テープ起こしをおこなう各業者・会社は、原稿を作成するにあたってそれぞれ独自の表記ルールを持っているようです。
例えば同じテープ起こしの会社にテープ起こしを何回か作業を依頼して、納品のたびに原稿表記に違いがあったりしたら困りますよね。
テープ起こしの会社には、作業スタッフもたくさんいることでしょうし、毎回同じ担当者が作業をするとも考えにくいので、表記ルールが統一されていないと収拾がつかなくなるんじゃないかと思います。
実際に依頼する際は、原稿表記のルールがきちんと決まっており、読みやすい原稿を納品してくれるテープ起こし会社を選びたいものです。
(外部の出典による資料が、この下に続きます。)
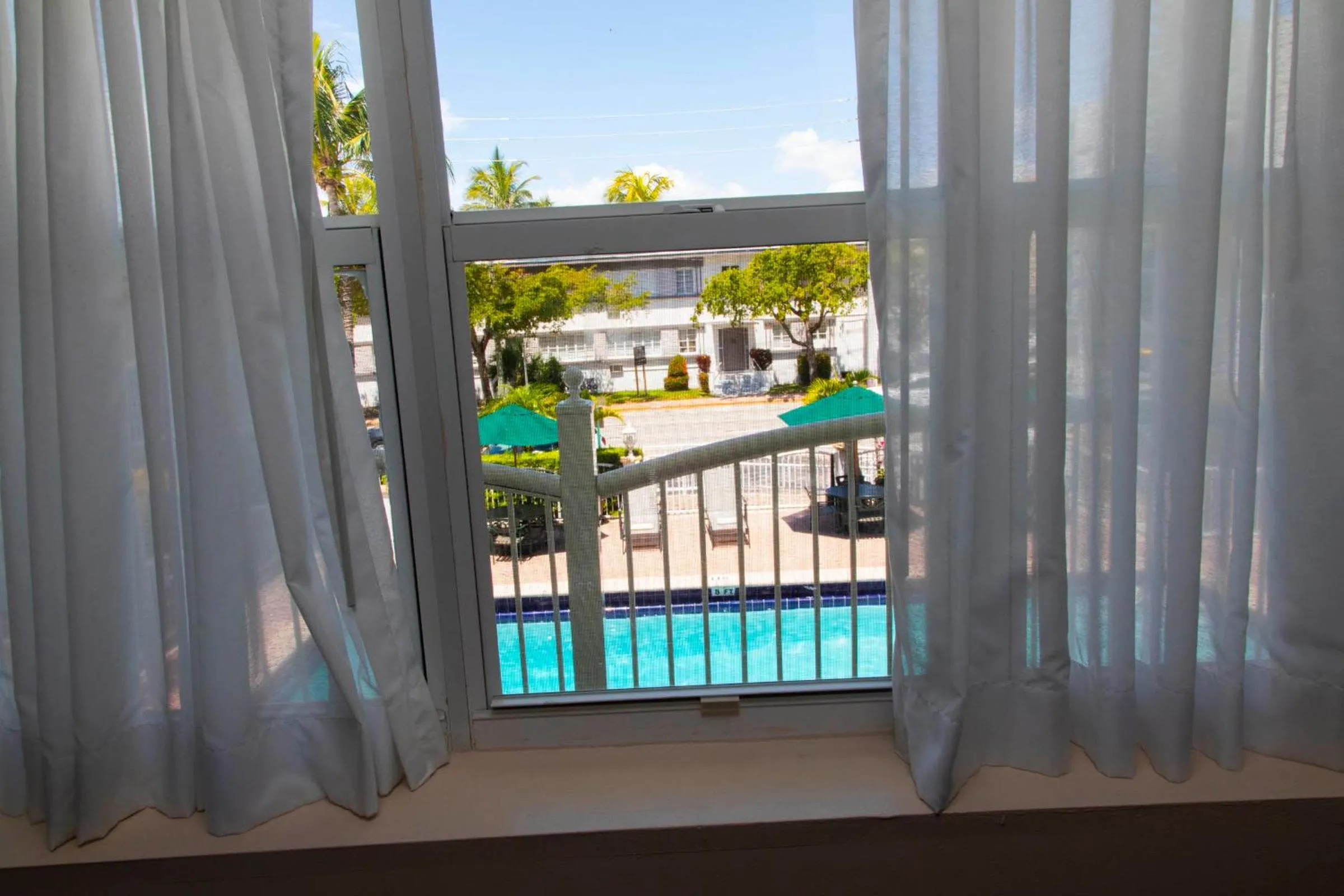 View (from property/room) in Beach Place Hotel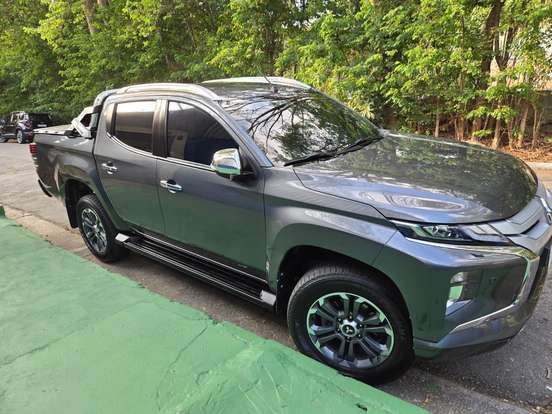 MITSUBISHI-L200 TRITON-2.4 16V TURBO DIESEL SPORT HPE-S CD 4P 4X4 AUTOMÁTICO MITSUBISHI-L200 TRITON-2021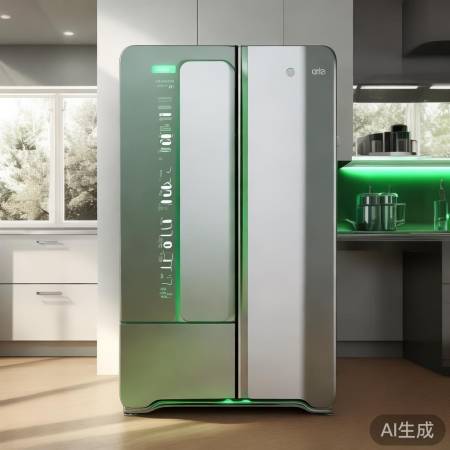 节能环保,环保典范冰箱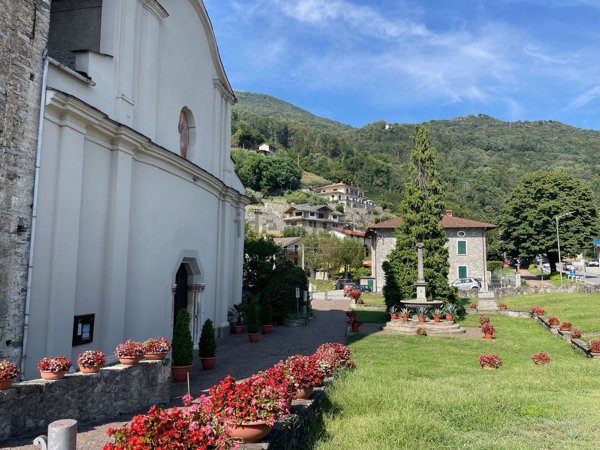 appartamento in vendita a Sorico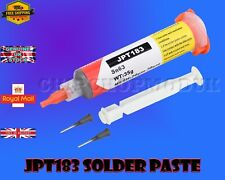 Jpt183 solder paste for sale  LONDON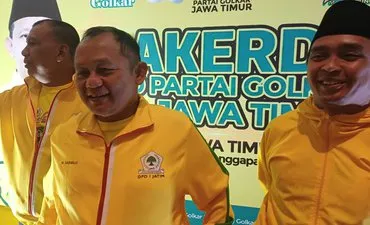 Partai Golkar Targetkan Tambah Kursi Legislatif di Pemilu 2029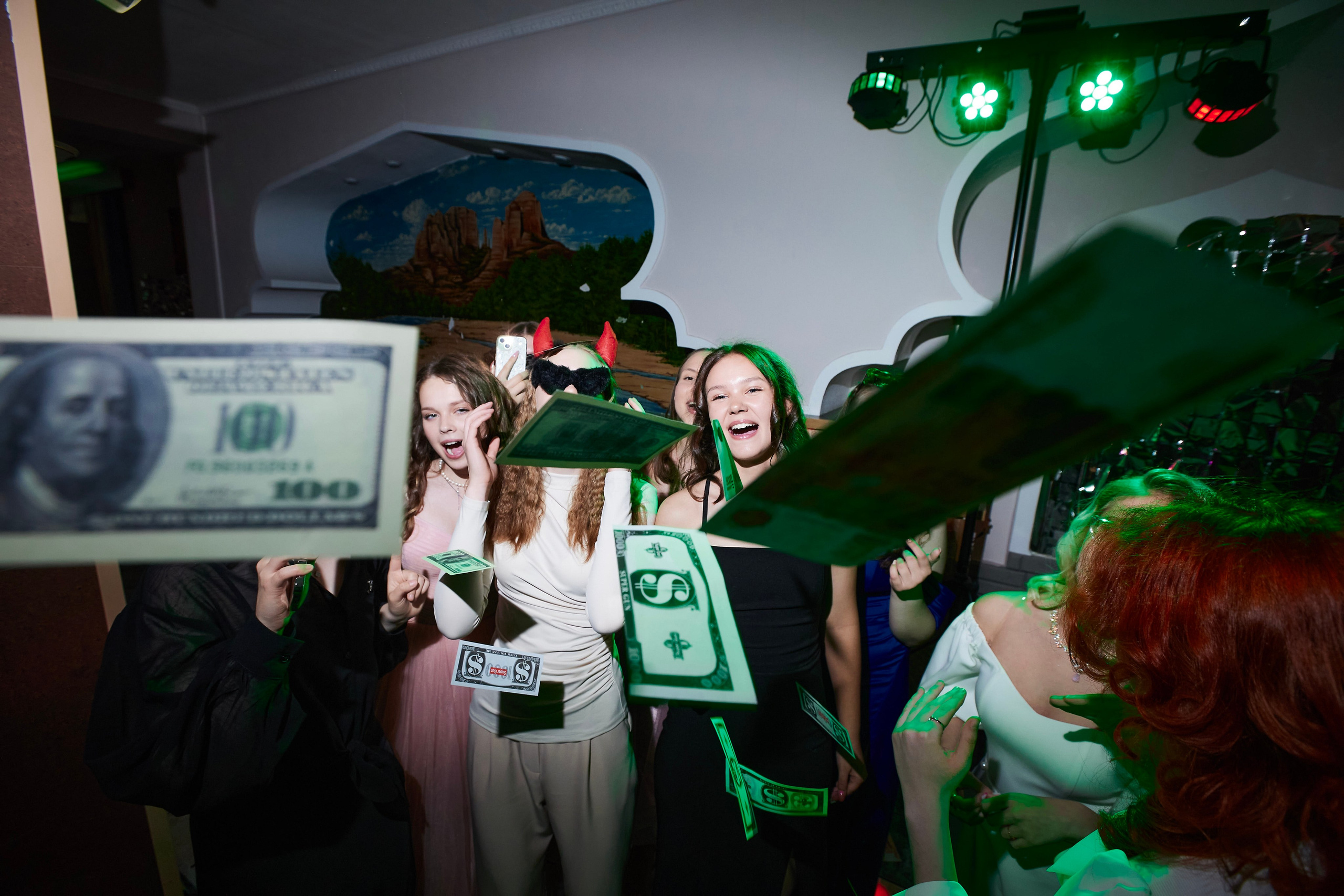 Выпускные. Главная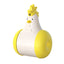 Rotating Chicken Laser Toy for Cats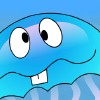 Play Gluttonous jellyfish Game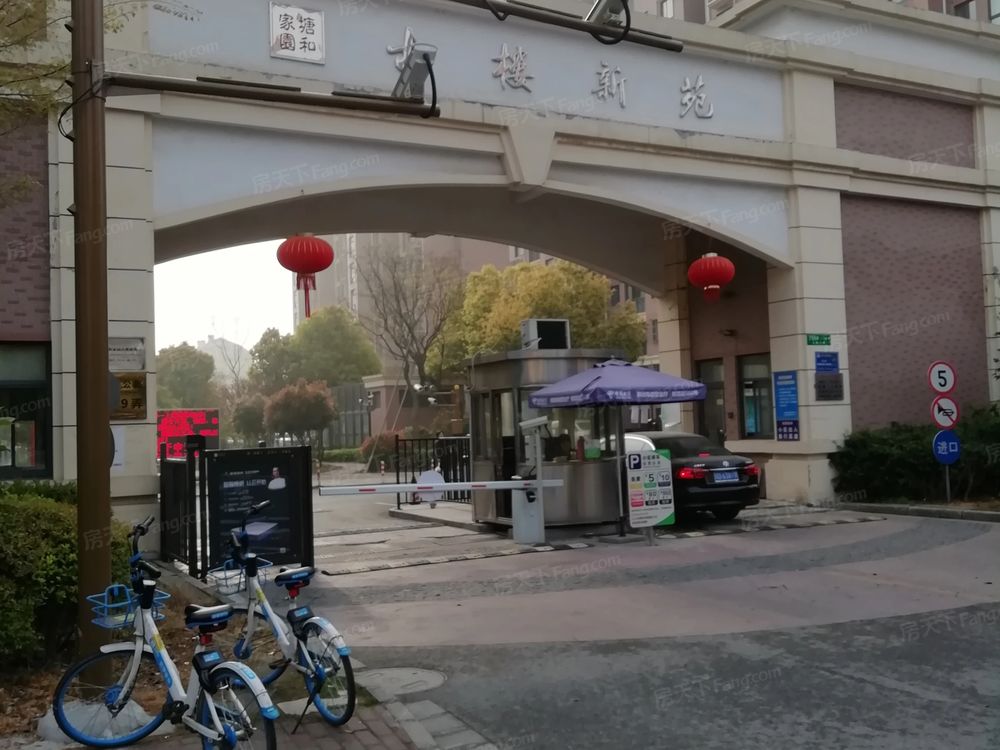 小区相关图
もしテープ起こしを依頼するときに、会社、所属機関の独自の表記ルールがある場合、サンプルやルールブック、資料等を具体的に示した上で、その表記ルールに則り原稿を作成してくれるテープ起こし会社もあります。
クライアントによっては、漢字や仮名の使い方や句読点、段落の分け方など、特殊な表記が必要なところもあります。内容にもよりますが、作業料金は通常料金にプラスして追加料金が発生する場合もありますし、無料で引き受けてくれる業者もあります。
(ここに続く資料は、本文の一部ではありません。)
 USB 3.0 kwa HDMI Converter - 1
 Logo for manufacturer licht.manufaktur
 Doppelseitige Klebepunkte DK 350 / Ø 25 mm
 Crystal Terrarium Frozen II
基本的にテープ起こし原稿は、ほとんどワードファイルで作成されるようですが、例えばエクセルファイルやワード以外のテキストファイルでの作成もしてもらえます。
会話の分析に使われる案件で、原稿をエクセルファイルに作成して、発言ごとにタイムコードを入れ、間や笑い等のすべてを落とさずに起こすなんていうオーダーもあるそうです。
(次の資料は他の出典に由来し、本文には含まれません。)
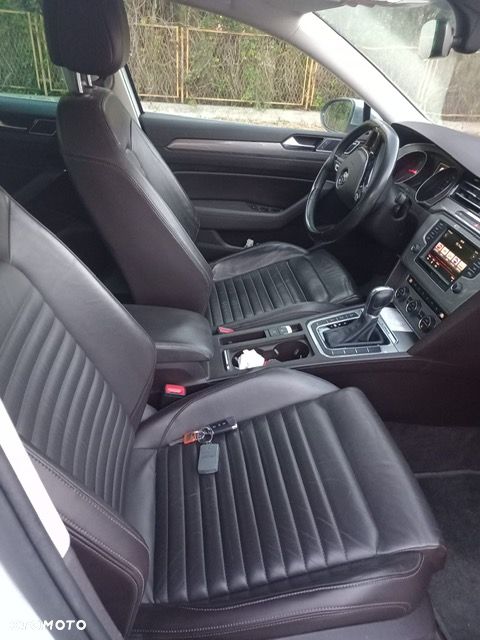 Volkswagen Passat 2.0 TDI BMT 4Mot Highline DSG - 7
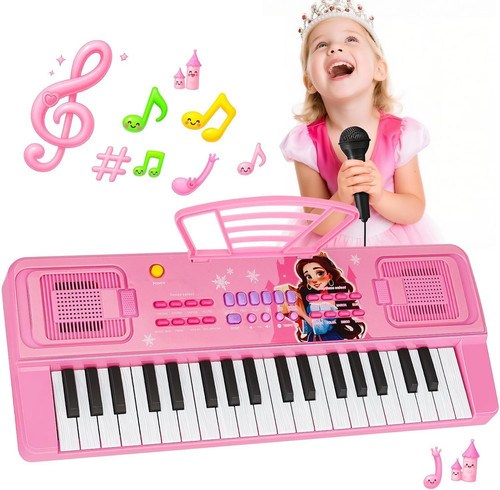 Bambini tastiera pianoforte - bambini, 37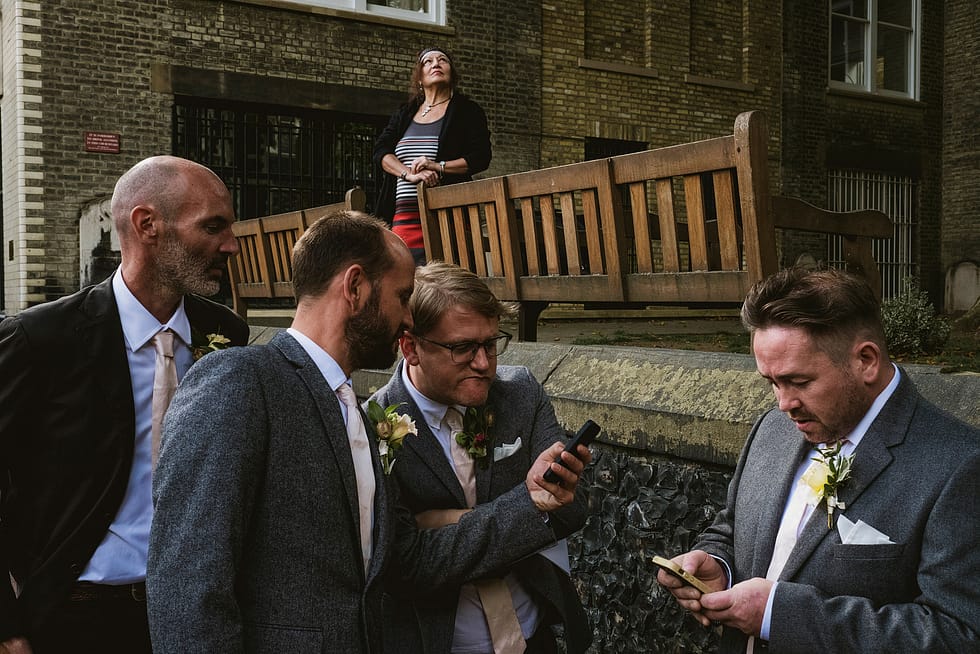 St Bartholomew The Great Wedding Photographers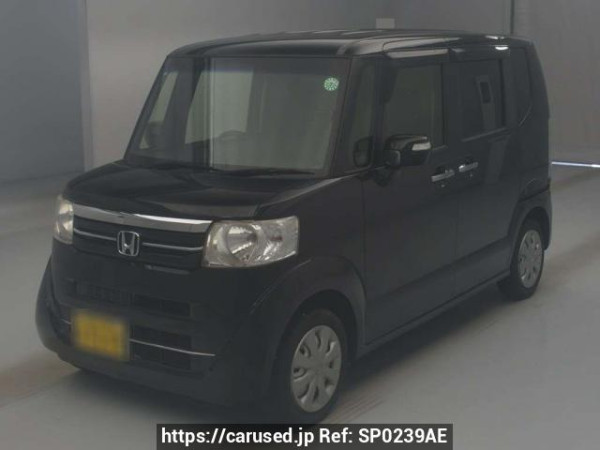 Used 2017 AT honda n-box JF1 Image[0]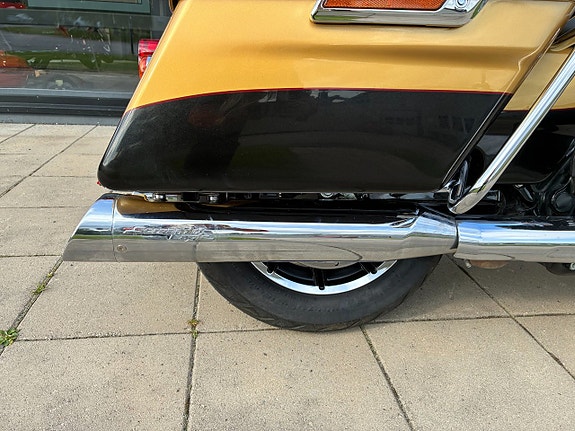 Harley-Davidson Ultra Limited *I Butik!* 9 of 11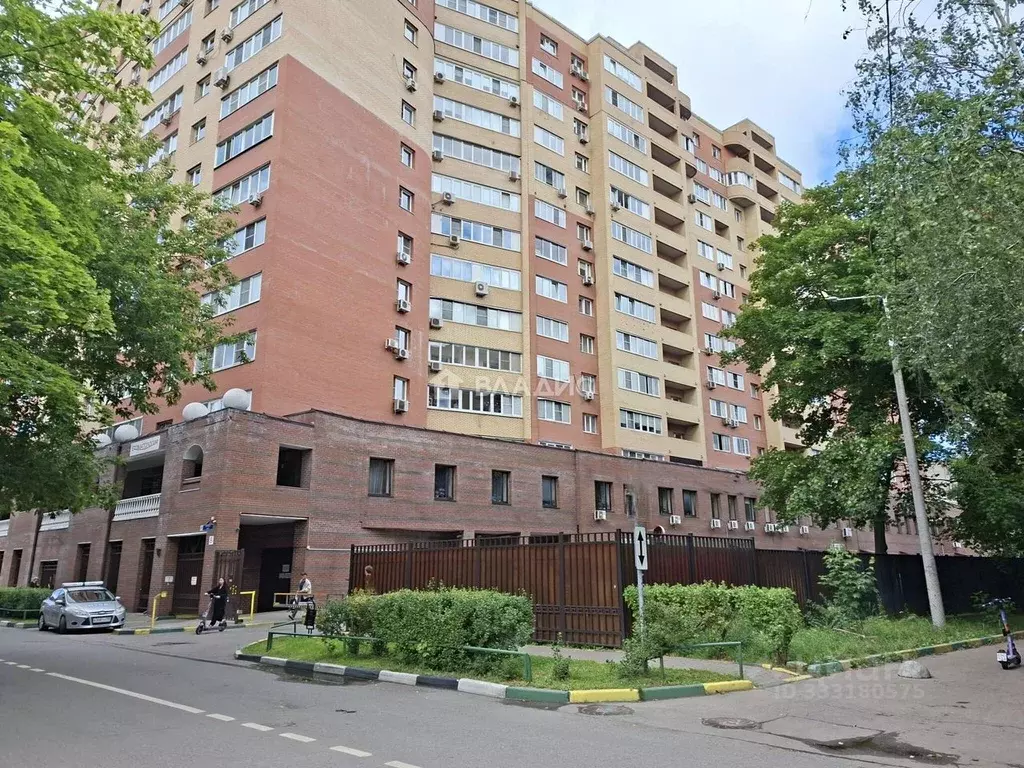 Помещение свободного назначения в Московская область, Химки ул. ... - Фото 1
確かにそういった形の方が、ワードファイルで原稿を作成したほうが、分析には効率的だと思います。イレギュラーなオーダーでも、無理なんじゃないか?と諦めずに、まず問い合わせてみましょう。
テープ起こし業者のルールとは?
多くのテープ起こし会社は、表記に際して共同通信社が出版している「記者ハンドブック」という本に準拠して原稿を作成しているようです。1956年に初版が発行された記者ハンドブックはそれ以来、新聞社や出版社をはじめ、多くのマスコミ関係者の間で原稿作成のバイブルとして愛されている本です。
記者が記事等を書くときに、読者に分かりやすくやさしい文章、言葉で書く、できるだけ統一した基準を守る、という理念で作られているそうです。それがテープ起こしにもぴったりだということで、いつしか広く使われるようになったそうです。
記者ハンドブックはハンディサイズで辞書のような体裁になっており、五十音順の索引があります。「用字用語集」、「漢字表」や「洋数字表記」等の項目は、専門的な漢字や用語、外来語の表記を確認するのにとても便利です。
「誤りやすい用事・慣用句」「紛らわしい法令関連用語」「運動用語」「病名・身体諸器官」等、読み物としても興味深いコンテンツがあります。「取り付く暇もない」(誤)→「取り付く島もない」(正)など、間違いやすい慣用句もたくさん載っていて勉強になります。紛らわしい会社名という親切な項目もあり、アメリカン・エクスプレス(誤)→アメリカン・エキスプレス(正)、ドンキホーテ(誤)→ドン・キホーテ(正)など細かいですが、間違えて表記してしまいそうな会社の具体的な社名も出ています。この本はテープ起こし業者じゃなくても、普通に読み物としても面白い勉強になる一冊です。